> **EXTRACTED MATERIAL**:
____________

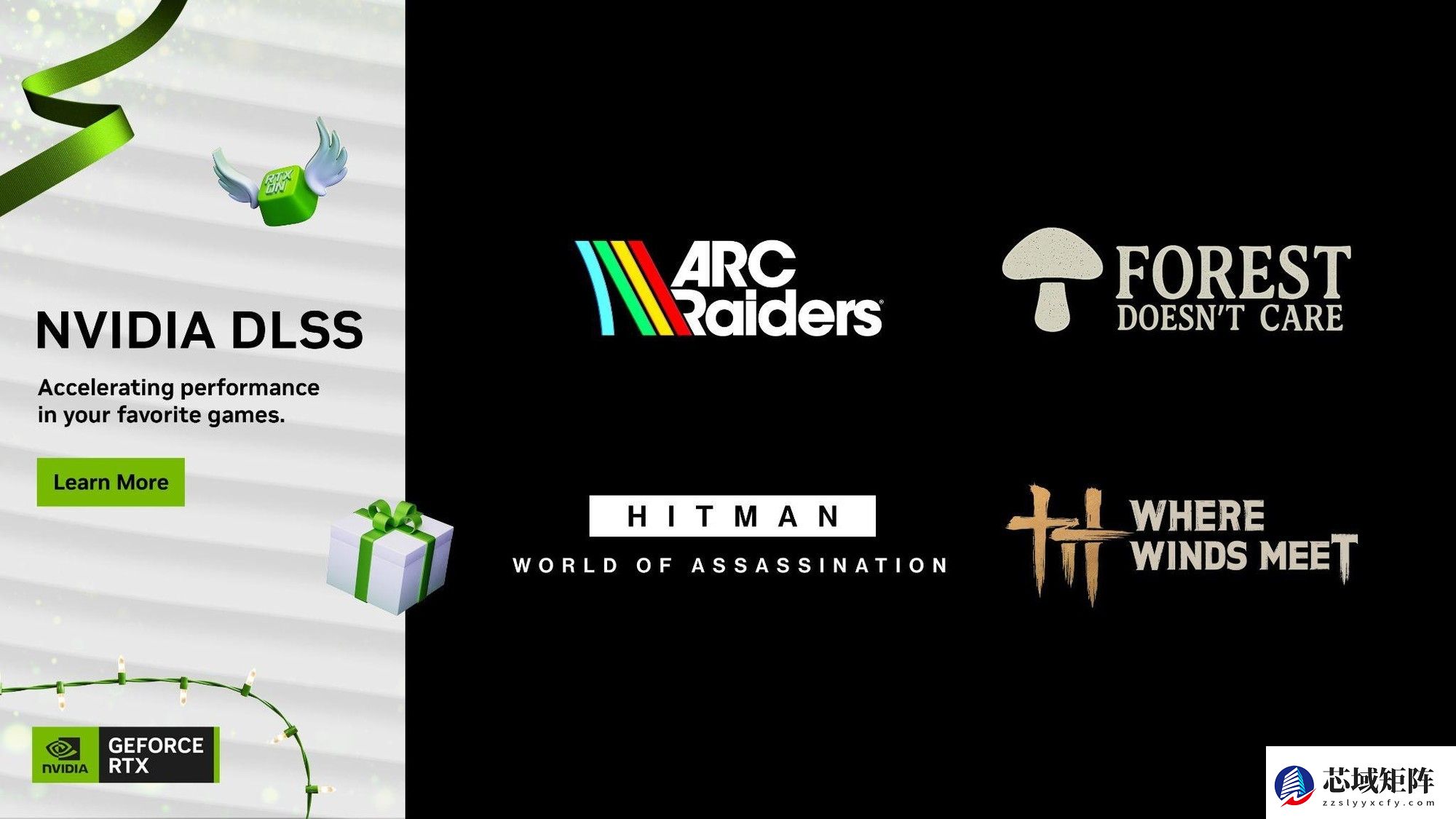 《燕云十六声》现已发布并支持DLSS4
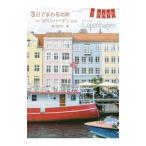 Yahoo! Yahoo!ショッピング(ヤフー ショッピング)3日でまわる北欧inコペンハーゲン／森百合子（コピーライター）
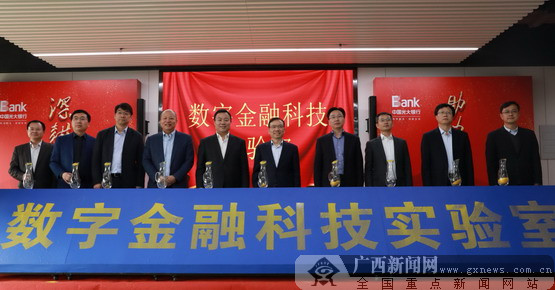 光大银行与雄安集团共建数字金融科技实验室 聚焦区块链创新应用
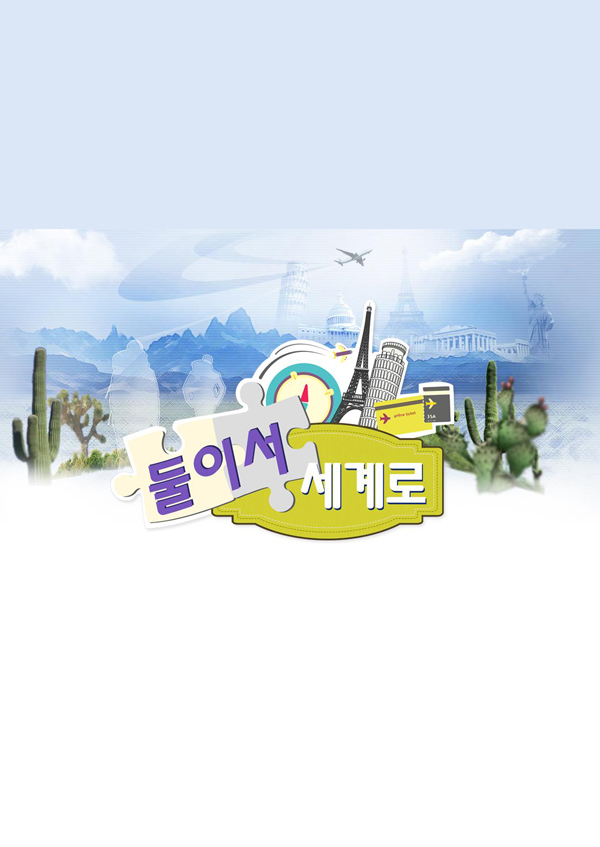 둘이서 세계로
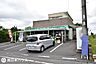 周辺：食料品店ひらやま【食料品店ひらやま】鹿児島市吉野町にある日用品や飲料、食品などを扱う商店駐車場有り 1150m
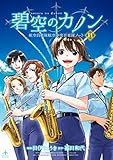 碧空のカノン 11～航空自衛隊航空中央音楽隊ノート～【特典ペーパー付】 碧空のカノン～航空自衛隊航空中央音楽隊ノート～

____________

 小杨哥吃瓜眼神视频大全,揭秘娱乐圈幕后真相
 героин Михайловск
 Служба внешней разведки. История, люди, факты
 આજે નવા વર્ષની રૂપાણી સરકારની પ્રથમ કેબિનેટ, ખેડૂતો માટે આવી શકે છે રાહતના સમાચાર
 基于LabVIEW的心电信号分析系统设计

____________

Restate word for word the entries above from the line with "આજે નવા વર્ષની" through the line with "基于LabVIEW的心电信号分析系统设计", inclusive, leaving out everything else.

> **WRITTEN RESPONSE**:
 આજે નવા વર્ષની રૂપાણી સરકારની પ્રથમ કેબિનેટ, ખેડૂતો માટે આવી શકે છે રાહતના સમાચાર
 基于LabVIEW的心电信号分析系统设计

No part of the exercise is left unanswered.